Missing girl's parents agree to lie detector test
BREMERTON, Wash. (AP) — The parents of a 6-year-old girl who disappeared from her Washington home and wasn't reported missing for a day have agreed to take lie detector tests and allow a search of the home, a sheriff's spokesman said Monday.
Both the home search and lie detector tests were in progress late Monday, Kitsap County Deputy Scott Wilson said. He said he doubted he would be able to discuss results.
State child welfare workers removed two other children, an 8-year-old boy and 12-year-old girl, from the home earlier Monday.
About 80 searchers including dog teams looked Monday for little Jenise Wright, who was last seen Saturday night when she went to bed. Her family noticed her missing Sunday morning but didn't become worried and call for help until that night because she had left the home on previous occasions and wandered around the neighborhood.
The family felt it was relatively safe because it's a fenced property, Wilson said.
A decision on whether to continue the ground search Tuesday was pending, the spokesman said.
The little girl's disappearance was being called a missing person case with "suspicious circumstances," Wilson said. Most missing children would have surfaced by now, he said.
Investigators, who now include the FBI and detectives from nearby police agencies and the Washington State Patrol, are "looking at the entire spectrum of possibilities: has the child sustained an accident?
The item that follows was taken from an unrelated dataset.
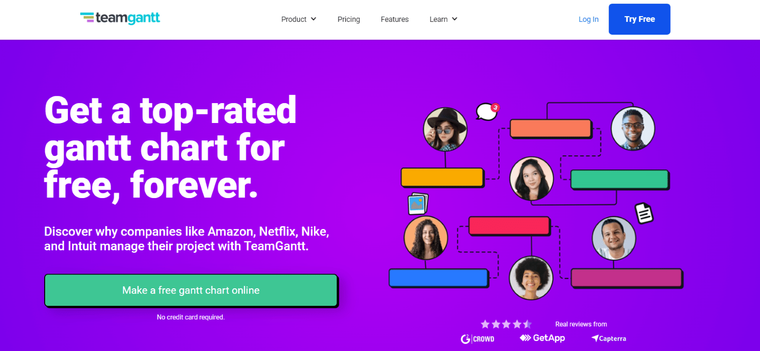 TeamGantt project management software platform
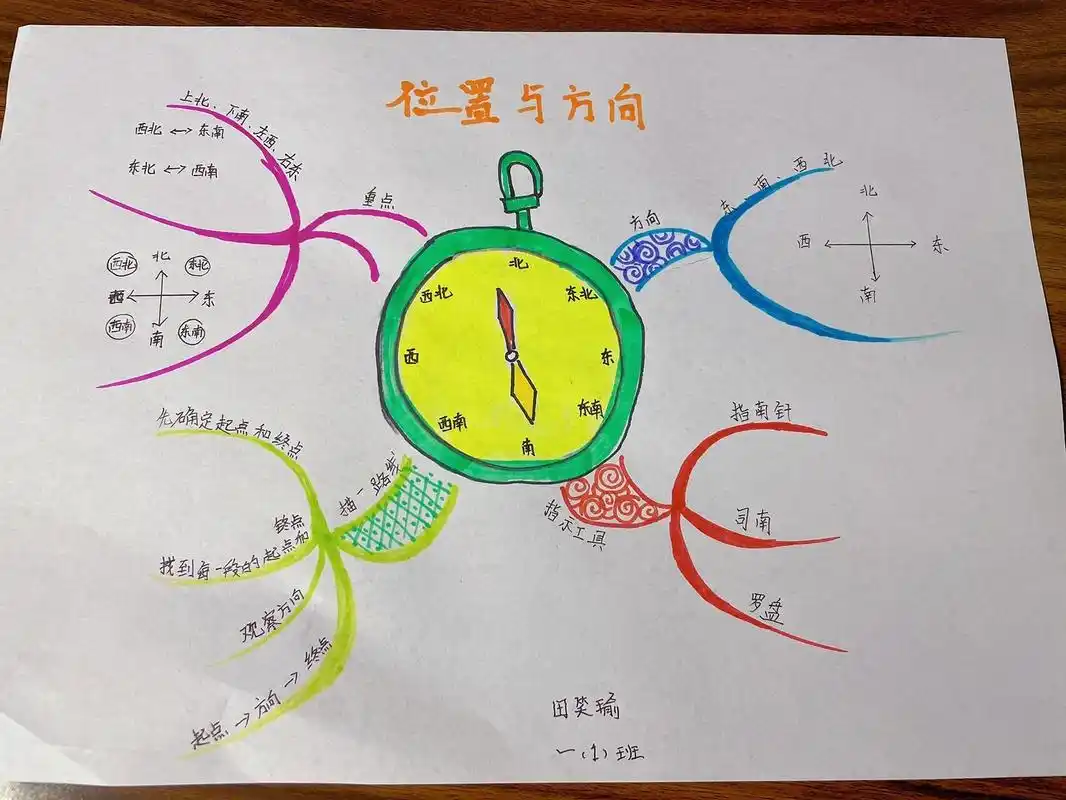 三年级下册数学思维导图 /位置与方向 小朋友匆匆忙忙的画了一张第一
Has the child been abducted? Has the child come to harm?" Wilson said.
The FBI has resources "that we can only dream about — investigative tools, personnel that specialize in child abduction," Wilson said. "We're not calling it an abduction, but why not get those resources early on, examine all the possibilities."
Two parents live in the home in a blended family. The 8-year-old and 12-year-old were the only other children in the home last weekend. A 16-year-old boy was out of town. Two other offspring are adults.
The search began at about 1:30 a.m. Monday with deputies and volunteers in and around the Steele Creek Mobile Home Park. They cleared the park and searched later in the surrounding neighborhood and wooded area, Wilson said.
"She's really independent, she's tenacious," the little girl's father, James Wright, told KOMO-TV, describing the neighborhood as safe and saying his daughter roamed the park.
Other residents in the park described Jenise as outgoing and unafraid to talk to anyone.
Bremerton is on the west side of Puget Sound, across from Seattle.
Jenise is 3 feet tall, weighs 45 pounds and has black hair. She'll be a first-grader this school year. She shared a bedroom with her sister.